China’s services sector, one of the areas tasked with helping to bolster economic growth in the years ahead, put in a strong showing in May with activity levels improving at the fastest pace since January, according to data released today.
The Caixin-IHS Markit services Purchasing Managers Index (PMI) jumped 1.3 points to 52.8 last month, pointing to an improvement in activity levels across the sector.
The PMI measures changes in activity levels across China’s services sector from one month to the next. Anything above 50 signals that activity levels are improving while a reading below suggests they’re deteriorating. The distance away from 50 indicates how quickly activity levels are expanding or contracting.
The strength in the Caixin-Markit survey also mirrored improved activity levels in the government’s official non-manufacturing PMI report, released last week.
However, as seen in the chart below, the improvement in services was largely offset by renewed weakness in China’s manufacturing sector, seeing the Caixin-IHS Markit China Composite PMI — a reading on activity levels across both sectors — inch up 0.3 points to 51.5 in May.

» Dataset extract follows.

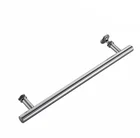 Sonlam High Standard Custom Printed SGS SS316 Stainless Steel Square Design Pull Handles For Doors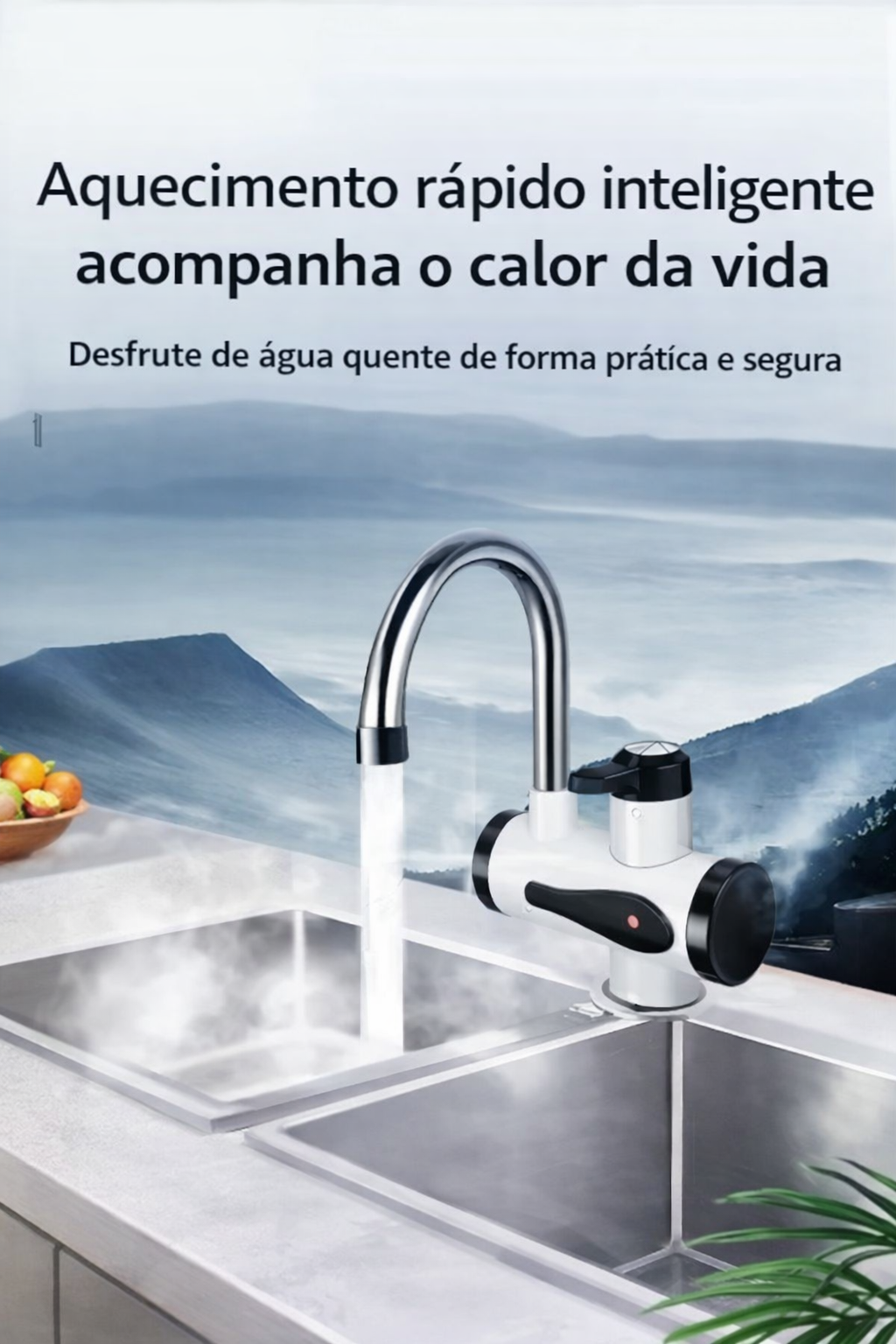 Torneira Elétrica Digital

“Stronger growth in services activity reflected a quicker increase in total new business during May. Moreover, the latest expansion in new orders was the most marked in the year-to-date and solid amid reports of stronger underlying client demand,” said IHS Markit.
Fitting with that view, the group said that new orders grew at a faster pace, while order backlogs also increased.
“According to panellists, higher new orders contributed to renewed pressure on operating capacity,” it said.
Firms also added to staffing levels for a ninth consecutive month, albeit at a slower pace, while input costs — a measure of inflation across the sector — also rebounded after hitting a six-month low in April.
“The solid increase in input costs was generally linked to greater prices for raw materials and higher staff costs,” IHS Markit said.
Given the strength of the report, the group said that confidence towards the 12-month outlook “improved slightly”, rebounding after hitting a five-month low in April.
However, while the May report card on services was largely upbeat, the same can’t be said for China’s manufacturing sector which saw activity levels weaken for the first time in close to a year last month.
“The improvement in the services sector bolstered the Chinese economy in May,” said Zhengsheng Zhong, director of macroeconomic analysis at CEBM Group.
“The rapid deterioration in the manufacturing industry is worrying. We need to closely monitor whether the diverging trends in manufacturing and services will widen further.”
For the moment, that has ensured that optimism over the today’s report has been largely kept in check.